In [None]:
import pandas as pd

# Add the parent directory of the 'utils' directory to the Python path
import sys
import os
sys.path.append(os.path.abspath(os.path.join(os.getcwd(), '..')))


import utils.utils as u

-------------------------------------------------------------------------------------------------------------------

# Assignation of blanks and unknowns

-------------------------------------------------------------------------------------------------------------------

#### Load dataset

In [None]:
dataset_DF = pd.read_json('../data_catastici/data_post-processing/pipeline_steps/catastici_1741_step1.json')

#### Select TODO entries and format

In [None]:
dataset_unresolved_DF = dataset_DF[dataset_DF['owner_code'] == 'TODO'].copy()
dataset_unresolved_DF.loc[:, 'owner_name'] = dataset_unresolved_DF['owner_name'].map(lambda x: u.text_to_minimal(x))
print("There are", len(dataset_unresolved_DF), "unresolved parcel entries.")

In [None]:
dataset_unresolved_DF.head()

#### Load necessary dictionaries

In [None]:
unknowns = sorted(pd.read_json('../dictionaries/MSC_dictionary/unknown_owners.json')[0].to_list(), key=len, reverse=True)

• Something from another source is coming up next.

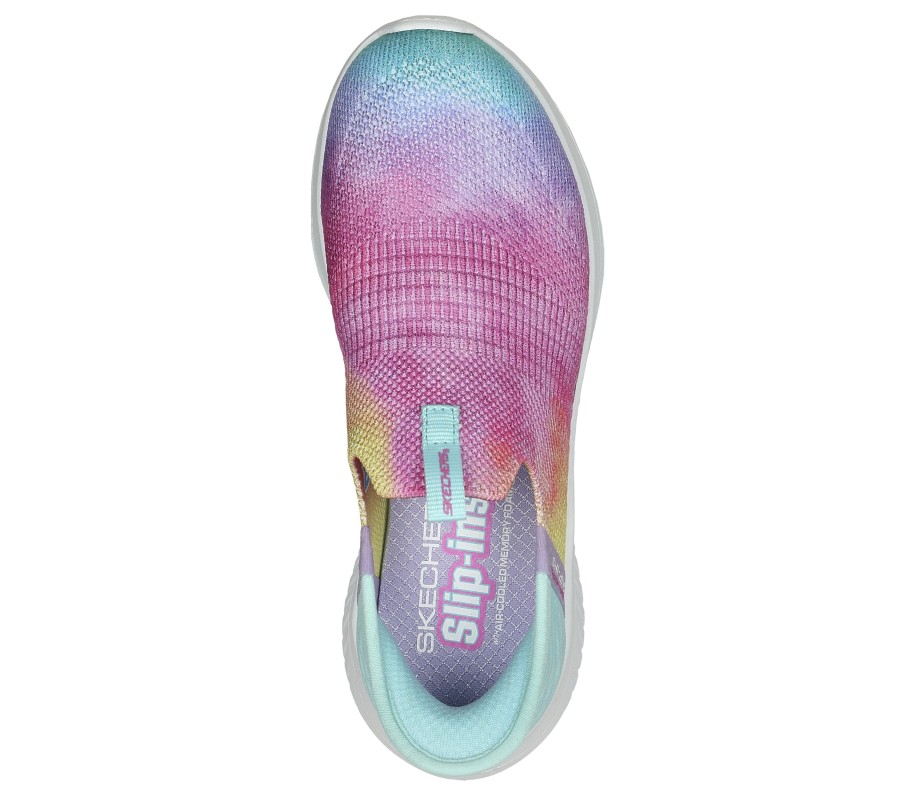 Kinder SKECHERS Slip-Ons | Skechers Slip-Ins: Ultra Flex 3.0 - Pastel Clouds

## Start parcel assignation

In [None]:
modifications_to_commit = []

In [None]:
for index, row in dataset_unresolved_DF.iterrows():
    uidx = row['uidx']
    owner_text_minimal = row['owner_name']

    if len(owner_text_minimal) == 0 or owner_text_minimal == 'nan':
        modifications_to_commit.append({ 'uidx': uidx, 'owner_text_updated': 'blank' })
    
    else:
        for unk in unknowns:
            if unk == owner_text_minimal:
                modifications_to_commit.append({ 'uidx': uidx, 'owner_text_updated': 'unknown' })
                print('----------------------------------------------------------')
                print("UIDX", uidx)
                print("UNKNOWN TEXT  -", owner_text_minimal)
                break

print()
print()
print("There are", len(modifications_to_commit), "total modifications.")

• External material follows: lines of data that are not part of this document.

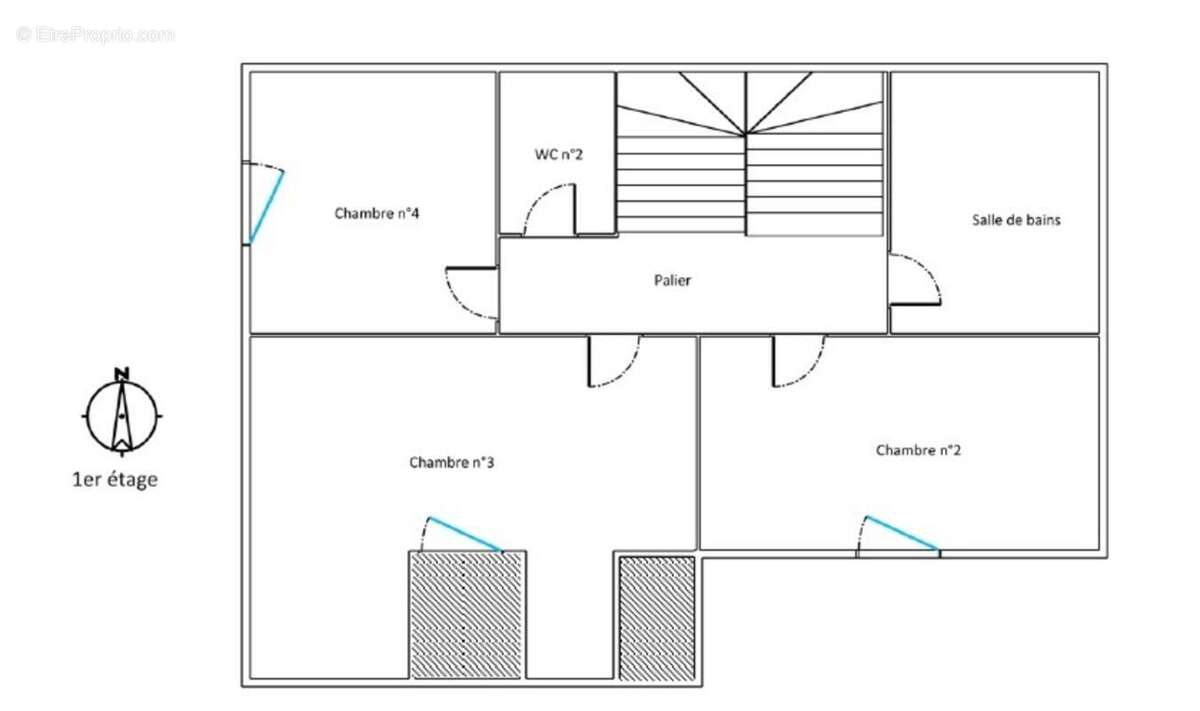Maison de 101.52 m² plus une véranda de 14.50m² sur jardin clos de 552 m², 4 chambres. plages et commerces à pied - photo 15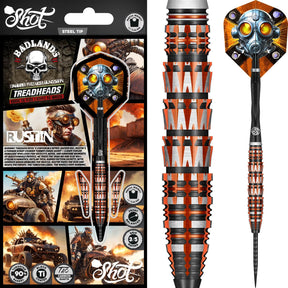 Shot - Badlands Rustin Darts - 90% Tungsten - 23g 24g 25g -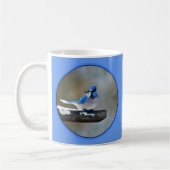 Mug Peinture Jay Bleu - Art Oiseau Original (Gauche)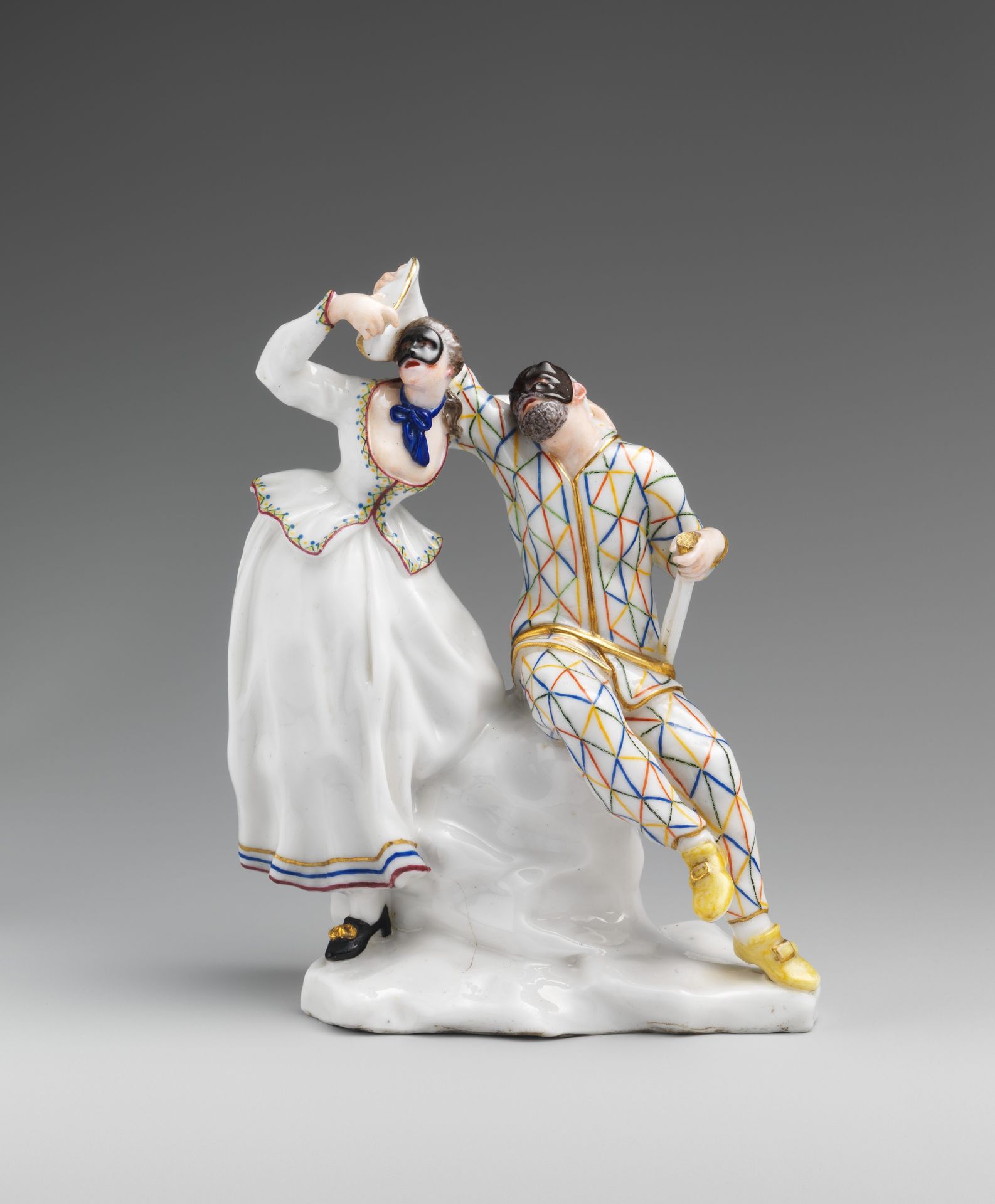 Harlequin and Columbine by Capodimonte Porcelain Manufactory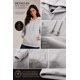 thumbnail image 3 of Poleron Canguro Basico 500g Mujer Con Capucha Bordar 60/40 Xl Gris Liso, 3 of 3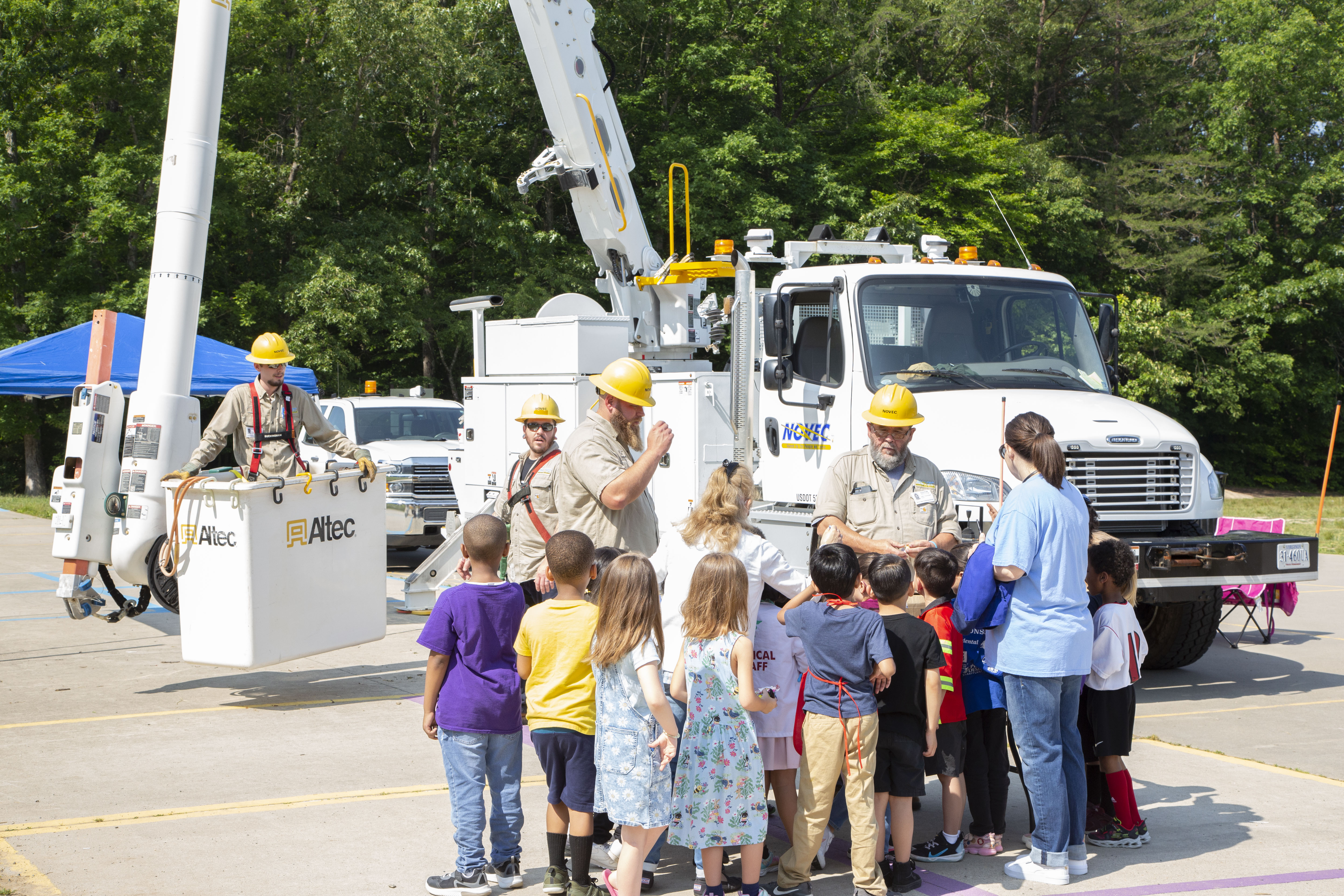 NOVEC Workers Presenting at Career Day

### Commit modifications in dataset

In [None]:
for m in modifications_to_commit:
    owner_code = 'BLK' if m['owner_text_updated'] == 'blank' else 'UNK'
    dataset_DF.loc[m['uidx'], 'owner_code'] = owner_code
    dataset_DF.loc[m['uidx'], 'owner_count'] = 0

### ⚠️⚠️⚠️ Write the updated dataset to file

In [None]:
dataset_DF.to_json('../data_catastici/data_post-processing/pipeline_steps/catastici_1741_step2.json', orient='records', index=['uidx'])

----------------------------------------------------------

In [None]:
import time
print("Current time:", time.strftime("%H:%M:%S", time.localtime()))